Thoughts on Business and Technology

BOOK : The Buffet Way

Notes : ( Highlights )

Business Tenant :

Questions Before you invest :

1. Is the business simple and understandable?

2. Does the business have a consistent operating history?

3. Does the business have favorable long-term prospects?

Notes / Highlights : 

  • Business is very much profiting from lack of change. That’s the kind of business I like.
  • I want to be in businesses so good even a dummy can make money.
  • Turnarounds seldom turn ( avoid difficult business problems )
  • Look for companies that can generate high ROIC
  • Buy Franchises not Commodity Businesses
  • A Franchise Business (1)  products are desired or needed (2) Has no close substitute (3) is not regulated (4) people are willing to pay for quality [moat]
  • Look for companies with Durable Competitive advantage
  • Look for Increasing Profit Margins

Few Conditions :

– Business would have to be simple and understandable
– Demonstrated great deal of business consistency over the years
– long-term prospects would have to be favorable
– Market for the products continue to grow
– The Business has been and will be the leader in the segments it operates
– Business has low capital needs ( Not Capital intensive )

Filter :

+ve
Consistant High (Growing)  ROIC
Consistant High (Growing) Profit Margins

-ve

Management Tenets

Management Questions :

1. Is the management Honest and competent  whom you can admire and trust ?
1. Is management rational? ( in capital allocation )
2. Is management candid with the shareholders?
3. Does management resist the institutional imperative ? ( blindly following industry peers )

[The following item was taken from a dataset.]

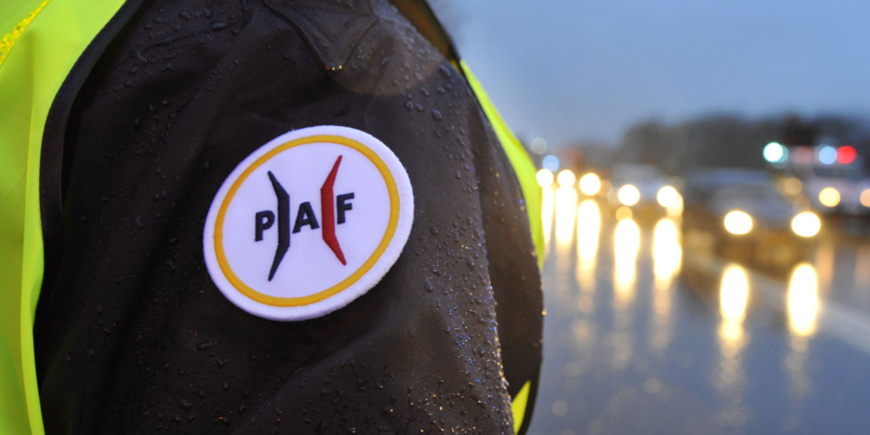 Etrangers : une nouvelle instruction ministérielle du 16 octobre 2017 prévoit l’expulsion des étrangers pouvant présenter une menace à l’ordre public Etrangers : une nouvelle instruction ministérielle du 16 octobre 2017 prévoit l’expulsion des étrangers pouvant présenter une menace à l’ordre public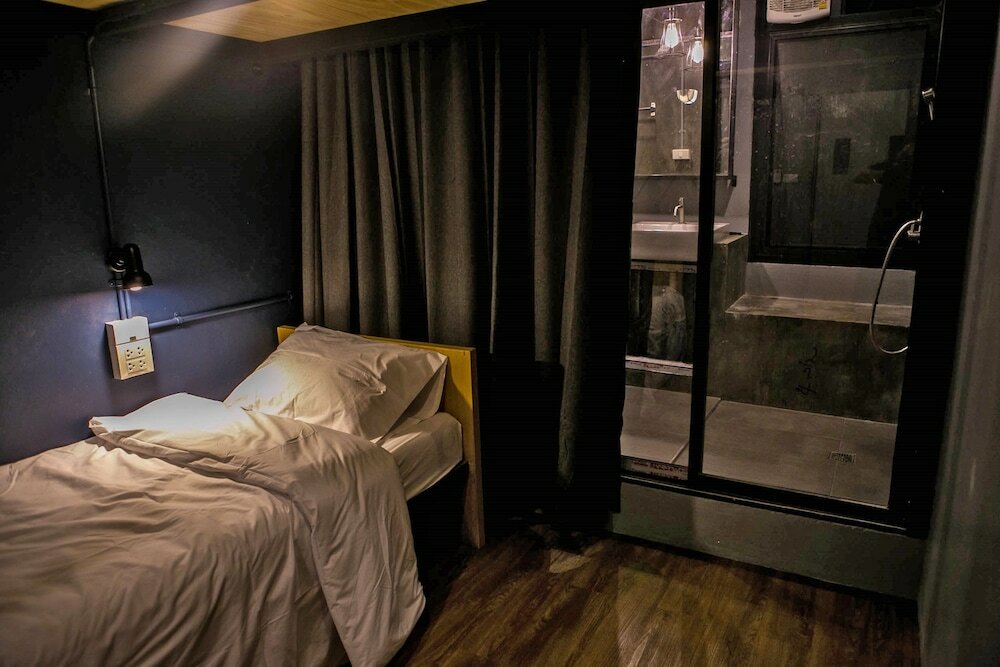 Фото Silom Space Hostel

Important Questions : A company that provides average or below-average investment re- turns but generates cash in excess of its needs has three options:

1. Continue to reinvest at below-average rates
2. It can buy growth ( by acquisitions & mergers )
3. Return the money to shareholders ( Dividends / Share Buy Backs )

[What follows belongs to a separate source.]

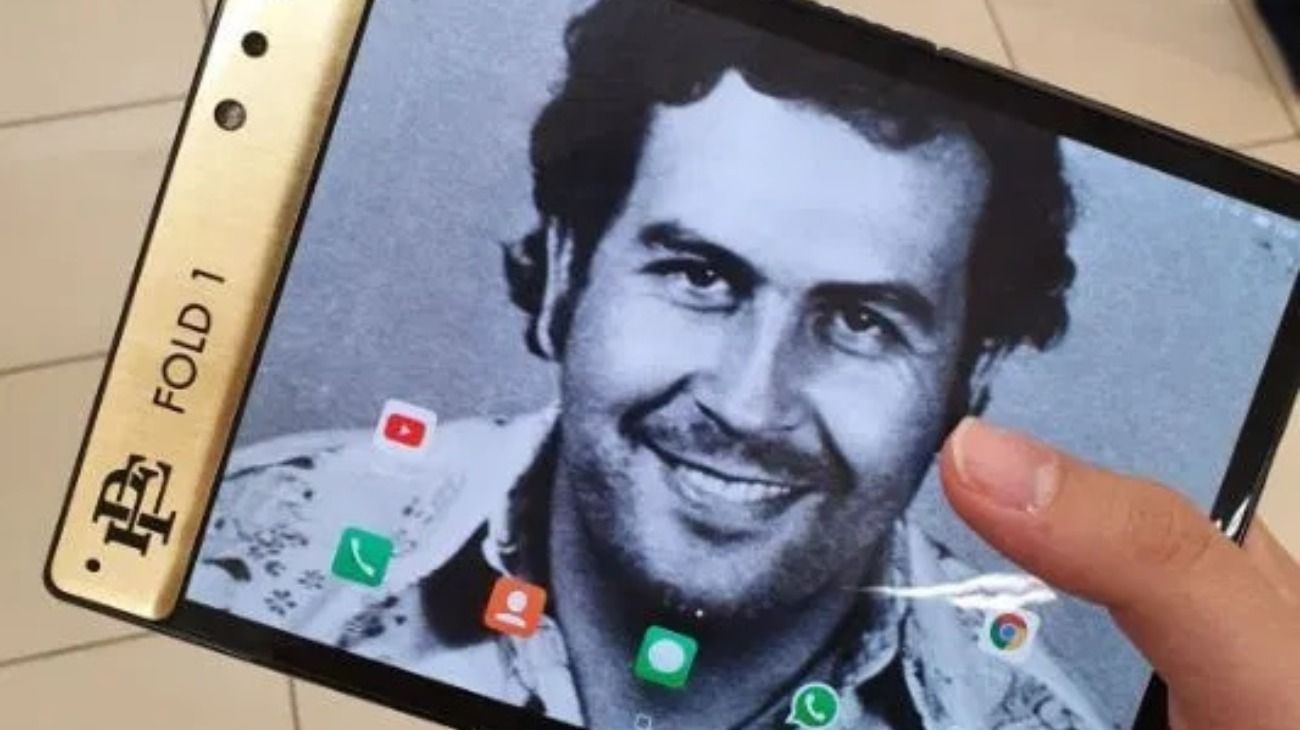 El hermano de Pablo Escobar lanza un smartphone plegable y dorado con polémica publicidad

What should a Management Report to Shareholders : 

(1) Approximately how much is this company worth?
(2) what is the likelihood that it can meet its fu- ture obligations? and
(3) how good a job are its managers doing, given the hand they have been dealt?”

What is the reason for foolish acquisitions or irrational decisions by managers ?  

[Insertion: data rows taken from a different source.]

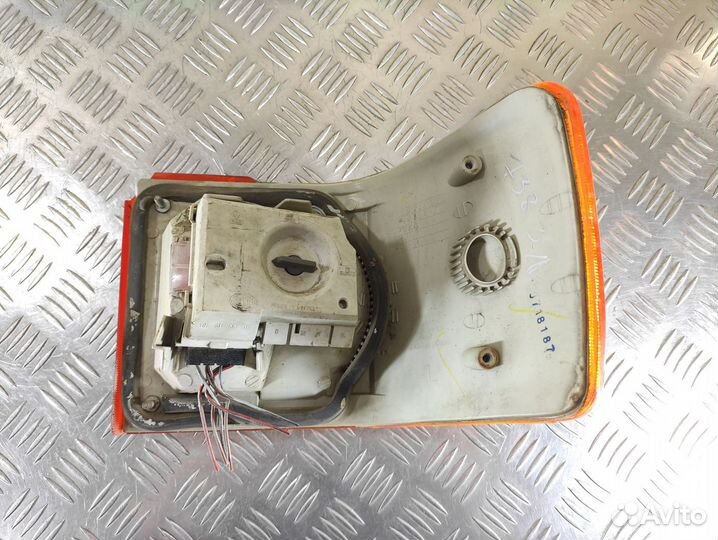 Фонарь задний левый Audi 80/90 1986 1991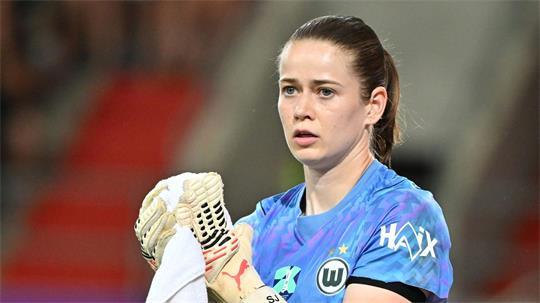 Unfreiwillig im Mittelpunkt: VfL-Torhüterin Stina Johannes.  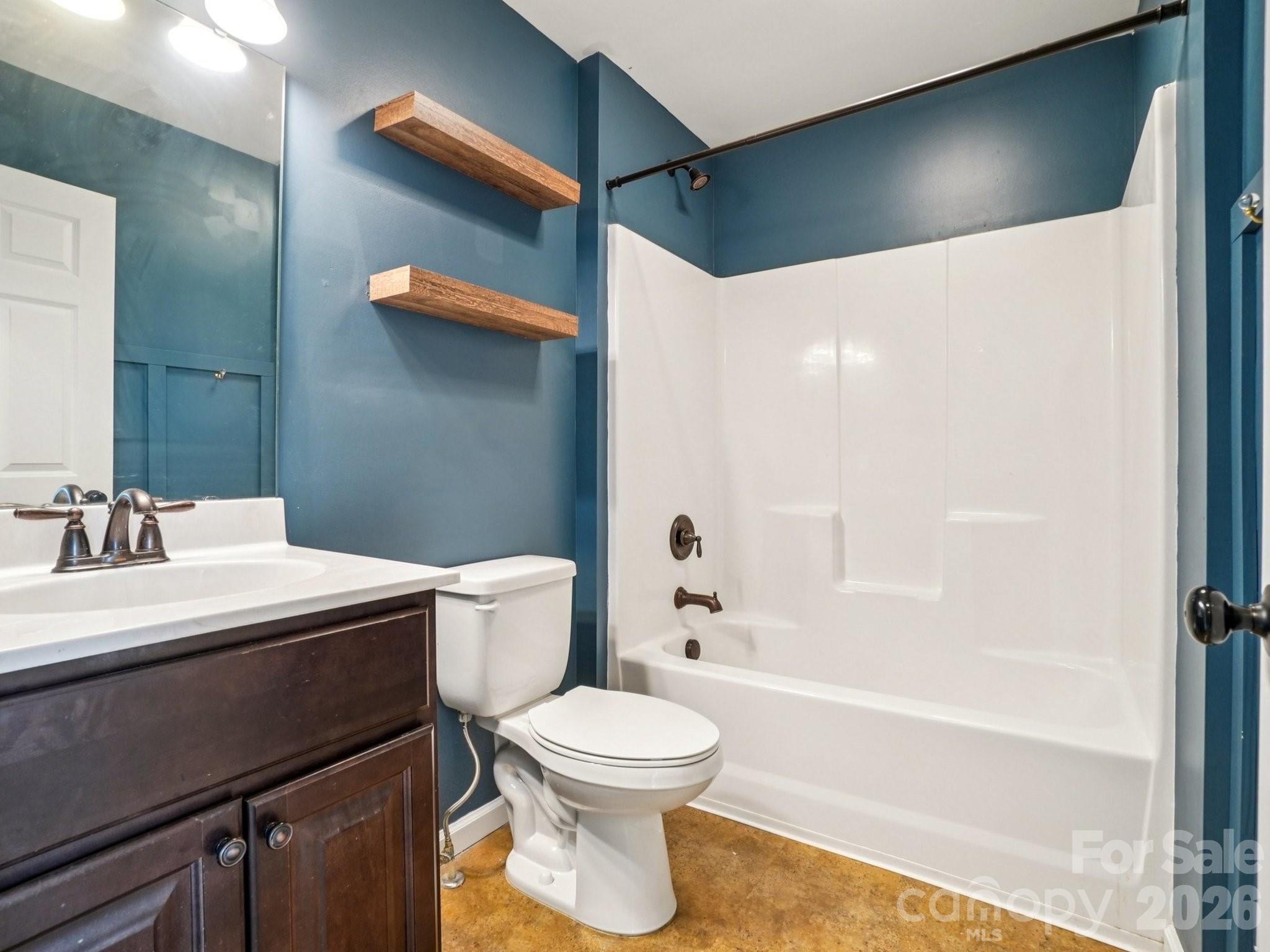 main property photo 20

1. Lust for activity ( equating activity to progress & productivity )
2. Comparing earnings/compensation with other competitors / peers
3. Exaggerated sense of their own capabilities
4. Poor or no experience is capital allocation ( more CEO’s are promoted form sales/engineering etc )
5. Mindless imitation

How to find the quality of Management ? 

1. Read the annual report of a company few years before and note the strategies and verify if they were fulfilled later
2. Pay attention to the direction of the company that was set in the previous year annual report, has it changed now ?
3. Pay attention to any news about the company or sector in the news paper
4. Obtain any presentation or speech made by company executives anywhere from the company website
Filter : 

+ve

  • Company buying back shares ( when the shares are down )
  • Acquires companies that has competitive barriers, does not require extensive capital expenditures, and has reasonable pricing power.
  • CANDOR – Candid and honest reporting of data as is ( Good or Bad )
  • Managers are owners and own significant % of company ( 30-60% )
  • Company stays with core Value Prop/Products ( does not invest in unrelated businesses where there is no synergy or economy of scale – ex : PEP buys chips )

-ve

  • Company buying growth mindlessly
  • Stock Options are not reported as expense in the balance sheet
  • unintelligible footnotes – That you can’t understand
  • Excessive executive pays
  • Executives / Insiders dumping shares
  • Be suspicious of companies that trumpet earnings projections and growth expectations.” No one can know the future, and any CEO who claims to do so is not worthy of your trust.

Financial Tenant

Notes :

  • Always look for 5-10 year average for all figures
  • Focus on return on equity, not earnings per share.
  • Calculate “owner earnings” to get a true reflection of value.
  • Look for companies with high profit margins.
  • For every dollar retained, has the company created at least a dollar of market value?

ROE : 

all marketable securities should be valued at cost and not at market value  ( while calculating ROE )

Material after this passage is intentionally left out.